Among the entries that follow, the required portion opens with the line containing "I will also" and closes with the line containing "Many teams have". Give that portion again exactly, and nothing else.

[Saved data entries]
____________________

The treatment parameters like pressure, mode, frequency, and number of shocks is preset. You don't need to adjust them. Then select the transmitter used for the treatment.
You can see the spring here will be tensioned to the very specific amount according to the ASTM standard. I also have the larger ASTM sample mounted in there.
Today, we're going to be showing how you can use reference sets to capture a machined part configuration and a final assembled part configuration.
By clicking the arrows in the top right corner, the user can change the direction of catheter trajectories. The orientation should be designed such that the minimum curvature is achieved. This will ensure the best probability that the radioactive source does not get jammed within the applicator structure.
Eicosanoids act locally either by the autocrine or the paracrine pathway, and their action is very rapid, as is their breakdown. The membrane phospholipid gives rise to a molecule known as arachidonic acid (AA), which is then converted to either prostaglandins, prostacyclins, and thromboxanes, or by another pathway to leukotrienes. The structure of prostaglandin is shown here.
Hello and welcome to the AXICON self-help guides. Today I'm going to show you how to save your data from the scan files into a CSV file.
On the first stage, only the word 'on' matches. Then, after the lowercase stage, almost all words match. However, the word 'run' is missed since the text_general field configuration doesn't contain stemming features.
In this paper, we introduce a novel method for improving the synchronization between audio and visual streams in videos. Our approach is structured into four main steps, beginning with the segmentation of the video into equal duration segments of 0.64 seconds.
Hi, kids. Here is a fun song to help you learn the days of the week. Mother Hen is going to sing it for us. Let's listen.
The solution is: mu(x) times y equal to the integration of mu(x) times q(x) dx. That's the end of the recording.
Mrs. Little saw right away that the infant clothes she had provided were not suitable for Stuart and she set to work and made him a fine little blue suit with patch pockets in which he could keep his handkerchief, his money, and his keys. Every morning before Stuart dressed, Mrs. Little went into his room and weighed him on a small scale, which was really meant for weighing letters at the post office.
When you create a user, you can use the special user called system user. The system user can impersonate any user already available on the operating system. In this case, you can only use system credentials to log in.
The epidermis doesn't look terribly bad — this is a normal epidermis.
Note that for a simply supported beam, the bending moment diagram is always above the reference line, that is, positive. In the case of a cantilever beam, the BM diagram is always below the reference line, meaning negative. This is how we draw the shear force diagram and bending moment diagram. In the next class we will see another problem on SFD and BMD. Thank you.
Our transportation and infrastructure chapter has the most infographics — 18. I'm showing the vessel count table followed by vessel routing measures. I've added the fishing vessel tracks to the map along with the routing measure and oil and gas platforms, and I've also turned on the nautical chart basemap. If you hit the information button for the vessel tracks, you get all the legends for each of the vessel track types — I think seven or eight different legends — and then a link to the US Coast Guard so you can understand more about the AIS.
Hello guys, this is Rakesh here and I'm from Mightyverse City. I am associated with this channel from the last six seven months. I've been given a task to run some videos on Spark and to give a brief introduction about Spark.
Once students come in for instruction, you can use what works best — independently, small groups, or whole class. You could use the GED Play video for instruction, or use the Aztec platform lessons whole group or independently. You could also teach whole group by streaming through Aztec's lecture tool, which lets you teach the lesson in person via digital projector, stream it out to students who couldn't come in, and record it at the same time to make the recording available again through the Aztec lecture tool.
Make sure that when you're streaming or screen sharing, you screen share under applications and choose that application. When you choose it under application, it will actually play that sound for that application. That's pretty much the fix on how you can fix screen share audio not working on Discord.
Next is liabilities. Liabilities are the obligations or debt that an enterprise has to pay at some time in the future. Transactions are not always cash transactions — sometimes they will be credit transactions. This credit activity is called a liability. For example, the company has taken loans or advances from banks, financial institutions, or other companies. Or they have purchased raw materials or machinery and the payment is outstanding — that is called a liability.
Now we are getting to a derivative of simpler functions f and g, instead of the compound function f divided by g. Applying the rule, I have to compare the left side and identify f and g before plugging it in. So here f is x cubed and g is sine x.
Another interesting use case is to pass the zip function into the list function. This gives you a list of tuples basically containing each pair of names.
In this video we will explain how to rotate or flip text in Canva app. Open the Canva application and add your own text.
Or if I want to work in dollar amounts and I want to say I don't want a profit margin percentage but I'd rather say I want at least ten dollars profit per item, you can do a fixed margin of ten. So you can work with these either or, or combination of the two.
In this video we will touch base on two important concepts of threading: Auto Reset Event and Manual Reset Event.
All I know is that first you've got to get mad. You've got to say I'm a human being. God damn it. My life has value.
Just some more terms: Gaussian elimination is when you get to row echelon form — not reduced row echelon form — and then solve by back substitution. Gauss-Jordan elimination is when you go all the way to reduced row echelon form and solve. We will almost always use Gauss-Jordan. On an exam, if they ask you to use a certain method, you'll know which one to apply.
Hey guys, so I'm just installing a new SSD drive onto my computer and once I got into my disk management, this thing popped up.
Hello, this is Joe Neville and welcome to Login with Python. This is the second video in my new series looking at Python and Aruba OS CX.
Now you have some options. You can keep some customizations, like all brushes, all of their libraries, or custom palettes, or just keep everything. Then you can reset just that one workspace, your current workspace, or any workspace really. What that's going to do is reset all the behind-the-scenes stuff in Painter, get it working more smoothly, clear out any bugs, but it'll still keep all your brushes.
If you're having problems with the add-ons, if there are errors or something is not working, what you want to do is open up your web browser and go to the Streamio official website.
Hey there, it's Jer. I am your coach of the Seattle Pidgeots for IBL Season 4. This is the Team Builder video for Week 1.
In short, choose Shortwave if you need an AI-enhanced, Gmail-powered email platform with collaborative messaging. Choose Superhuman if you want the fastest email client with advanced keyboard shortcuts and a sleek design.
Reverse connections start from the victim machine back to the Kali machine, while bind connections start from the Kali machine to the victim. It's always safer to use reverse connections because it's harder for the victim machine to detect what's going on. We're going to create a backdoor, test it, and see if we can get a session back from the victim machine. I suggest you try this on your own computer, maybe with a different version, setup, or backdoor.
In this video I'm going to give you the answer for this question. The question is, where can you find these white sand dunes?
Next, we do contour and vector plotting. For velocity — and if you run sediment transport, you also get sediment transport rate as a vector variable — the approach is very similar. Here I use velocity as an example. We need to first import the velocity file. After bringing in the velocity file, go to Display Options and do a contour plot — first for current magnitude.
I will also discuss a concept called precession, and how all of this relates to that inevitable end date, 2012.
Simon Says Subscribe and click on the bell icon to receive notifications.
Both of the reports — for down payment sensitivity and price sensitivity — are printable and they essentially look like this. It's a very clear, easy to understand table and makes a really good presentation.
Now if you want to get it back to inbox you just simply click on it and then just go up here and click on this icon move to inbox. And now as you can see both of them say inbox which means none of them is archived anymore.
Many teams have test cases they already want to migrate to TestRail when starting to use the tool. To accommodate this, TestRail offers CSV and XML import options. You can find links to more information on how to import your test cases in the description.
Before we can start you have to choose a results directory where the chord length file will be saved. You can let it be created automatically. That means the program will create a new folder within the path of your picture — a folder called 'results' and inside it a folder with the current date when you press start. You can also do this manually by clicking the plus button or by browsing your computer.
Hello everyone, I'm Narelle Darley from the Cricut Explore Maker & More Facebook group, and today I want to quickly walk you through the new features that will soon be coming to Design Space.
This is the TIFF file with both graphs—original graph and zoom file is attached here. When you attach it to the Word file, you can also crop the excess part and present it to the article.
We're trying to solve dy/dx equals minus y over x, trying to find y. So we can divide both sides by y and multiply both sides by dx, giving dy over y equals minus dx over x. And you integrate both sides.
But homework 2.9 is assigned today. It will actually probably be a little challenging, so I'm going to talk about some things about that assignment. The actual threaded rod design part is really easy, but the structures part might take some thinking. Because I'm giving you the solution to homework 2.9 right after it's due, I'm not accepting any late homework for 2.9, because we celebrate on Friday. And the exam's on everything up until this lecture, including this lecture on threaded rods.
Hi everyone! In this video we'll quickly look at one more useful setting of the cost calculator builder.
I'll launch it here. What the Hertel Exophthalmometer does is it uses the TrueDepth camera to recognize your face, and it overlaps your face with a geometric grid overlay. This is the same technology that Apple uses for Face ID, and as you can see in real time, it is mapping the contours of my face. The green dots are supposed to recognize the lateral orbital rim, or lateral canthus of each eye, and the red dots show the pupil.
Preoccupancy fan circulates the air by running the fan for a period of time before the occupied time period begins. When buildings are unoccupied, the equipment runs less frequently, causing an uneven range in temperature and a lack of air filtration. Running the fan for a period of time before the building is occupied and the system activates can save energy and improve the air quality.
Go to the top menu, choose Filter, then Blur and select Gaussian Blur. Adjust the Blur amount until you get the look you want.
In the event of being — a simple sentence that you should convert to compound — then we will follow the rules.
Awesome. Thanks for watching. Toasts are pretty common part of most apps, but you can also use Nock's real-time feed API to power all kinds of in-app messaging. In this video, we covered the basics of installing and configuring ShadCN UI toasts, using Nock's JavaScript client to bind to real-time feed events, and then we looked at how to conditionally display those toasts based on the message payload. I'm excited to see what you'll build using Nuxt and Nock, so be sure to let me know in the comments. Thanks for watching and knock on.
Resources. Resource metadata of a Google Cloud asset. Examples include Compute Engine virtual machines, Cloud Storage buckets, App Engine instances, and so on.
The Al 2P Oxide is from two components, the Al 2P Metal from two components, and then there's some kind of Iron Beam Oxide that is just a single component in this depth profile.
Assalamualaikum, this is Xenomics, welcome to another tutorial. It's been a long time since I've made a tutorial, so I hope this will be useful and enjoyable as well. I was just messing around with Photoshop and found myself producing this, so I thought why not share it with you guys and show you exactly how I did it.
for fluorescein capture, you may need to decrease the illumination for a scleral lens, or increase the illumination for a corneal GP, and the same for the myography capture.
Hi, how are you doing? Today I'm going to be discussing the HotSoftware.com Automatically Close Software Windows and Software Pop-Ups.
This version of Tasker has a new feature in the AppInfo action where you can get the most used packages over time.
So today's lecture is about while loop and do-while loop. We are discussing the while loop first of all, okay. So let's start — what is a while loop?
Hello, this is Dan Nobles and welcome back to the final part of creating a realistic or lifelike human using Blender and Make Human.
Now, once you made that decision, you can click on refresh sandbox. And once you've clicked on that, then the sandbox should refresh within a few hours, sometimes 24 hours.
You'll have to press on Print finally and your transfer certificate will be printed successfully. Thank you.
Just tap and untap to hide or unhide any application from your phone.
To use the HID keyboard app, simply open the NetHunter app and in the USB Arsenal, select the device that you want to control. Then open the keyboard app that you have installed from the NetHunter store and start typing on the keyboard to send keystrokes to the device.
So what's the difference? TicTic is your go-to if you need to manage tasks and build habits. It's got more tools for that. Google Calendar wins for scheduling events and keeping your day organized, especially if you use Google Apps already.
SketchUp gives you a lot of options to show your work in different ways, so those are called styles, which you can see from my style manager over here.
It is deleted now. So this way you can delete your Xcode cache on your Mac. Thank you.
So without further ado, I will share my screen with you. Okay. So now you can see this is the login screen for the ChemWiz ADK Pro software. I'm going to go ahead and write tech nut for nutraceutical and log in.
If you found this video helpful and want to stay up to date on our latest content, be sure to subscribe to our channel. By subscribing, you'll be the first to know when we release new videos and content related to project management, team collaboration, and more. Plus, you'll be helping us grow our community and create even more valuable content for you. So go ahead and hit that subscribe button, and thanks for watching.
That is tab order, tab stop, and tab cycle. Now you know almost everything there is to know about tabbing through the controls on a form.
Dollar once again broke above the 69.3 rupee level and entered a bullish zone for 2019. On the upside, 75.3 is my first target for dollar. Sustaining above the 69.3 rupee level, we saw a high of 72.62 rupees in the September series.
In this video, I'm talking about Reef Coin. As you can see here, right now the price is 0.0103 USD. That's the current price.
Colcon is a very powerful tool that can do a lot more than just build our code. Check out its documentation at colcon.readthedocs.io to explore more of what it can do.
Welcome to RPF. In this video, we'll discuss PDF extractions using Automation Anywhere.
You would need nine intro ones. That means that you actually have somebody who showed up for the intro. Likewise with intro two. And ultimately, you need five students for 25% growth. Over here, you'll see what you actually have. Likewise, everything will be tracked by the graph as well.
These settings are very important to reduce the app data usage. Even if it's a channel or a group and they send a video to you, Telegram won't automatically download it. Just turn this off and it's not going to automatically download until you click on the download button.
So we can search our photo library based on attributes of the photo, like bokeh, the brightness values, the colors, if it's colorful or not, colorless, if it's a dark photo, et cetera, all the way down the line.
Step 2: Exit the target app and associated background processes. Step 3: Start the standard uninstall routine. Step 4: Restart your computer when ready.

____________________

**TASK ANSWER:**
I will also discuss a concept called precession, and how all of this relates to that inevitable end date, 2012.
Simon Says Subscribe and click on the bell icon to receive notifications.
Both of the reports — for down payment sensitivity and price sensitivity — are printable and they essentially look like this. It's a very clear, easy to understand table and makes a really good presentation.
Now if you want to get it back to inbox you just simply click on it and then just go up here and click on this icon move to inbox. And now as you can see both of them say inbox which means none of them is archived anymore.
Many teams have test cases they already want to migrate to TestRail when starting to use the tool. To accommodate this, TestRail offers CSV and XML import options. You can find links to more information on how to import your test cases in the description.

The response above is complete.